INVA Form 4: Stephen Basso Withholds 237 Shares to Cover Tax Withholding
Rhea-AI Filing Summary
Insider sale via tax-withholding reduced holdings. Innoviva CFO Stephen Basso reported a disposition of 237 shares of Common Stock on 08/20/2025 at a reported price of $19.95 per share. The filing states the shares were withheld by the issuer to satisfy income tax withholding obligations tied to the quarterly vesting of previously granted employee equity awards. After the transaction Mr. Basso beneficially owned 23,281 shares directly. The form is signed and dated 08/22/2025.
Positive
- None.
Negative
- None.
Insights
TL;DR: Routine insider withholding sale for taxes; not a signal of discretionary stock sale.
The Form 4 shows a small, mechanically driven disposition: 237 shares withheld at $19.95 to cover tax liabilities from vesting equity. This type of transaction typically reflects payroll withholding rather than an active sale decision by the officer. The post-transaction direct beneficial ownership of 23,281 shares remains disclosed for transparency. For investors, the event is administrative and generally not material to company valuation.
TL;DR: Compliance-focused filing documenting tax withholding on vested awards; governance processes appear followed.
The filing documents proper Section 16 reporting and manual signature, indicating adherence to reporting obligations.

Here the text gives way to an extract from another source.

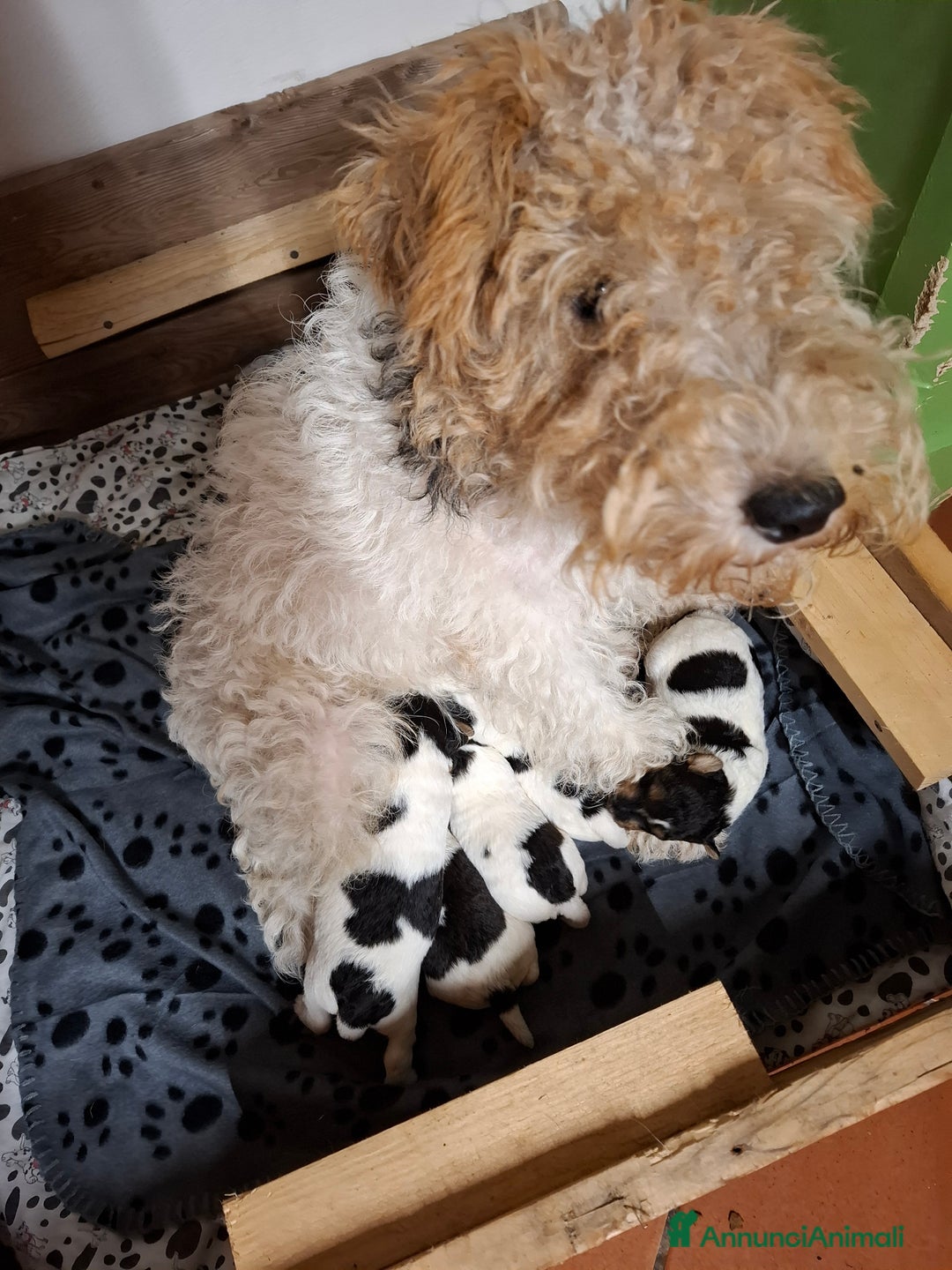 Fox Terrier cani in vendita: vendita cuccioli fox terrier - Annuncio 7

The explanation explicitly ties the disposition to tax withholding for vested employee awards, which is a standard corporate practice to fulfill withholding responsibilities. There is no indication of additional dispositional intent or patterned insider selling in this single-file disclosure.
FAQ
What transaction did Innoviva (INVA) report on this Form 4?
Why were the 237 shares disposed of by Stephen Basso?
How many Innoviva shares did Stephen Basso own after the transaction?
What is Stephen Basso’s role at Innoviva as listed on the Form 4?
When was the Form 4 signed and filed?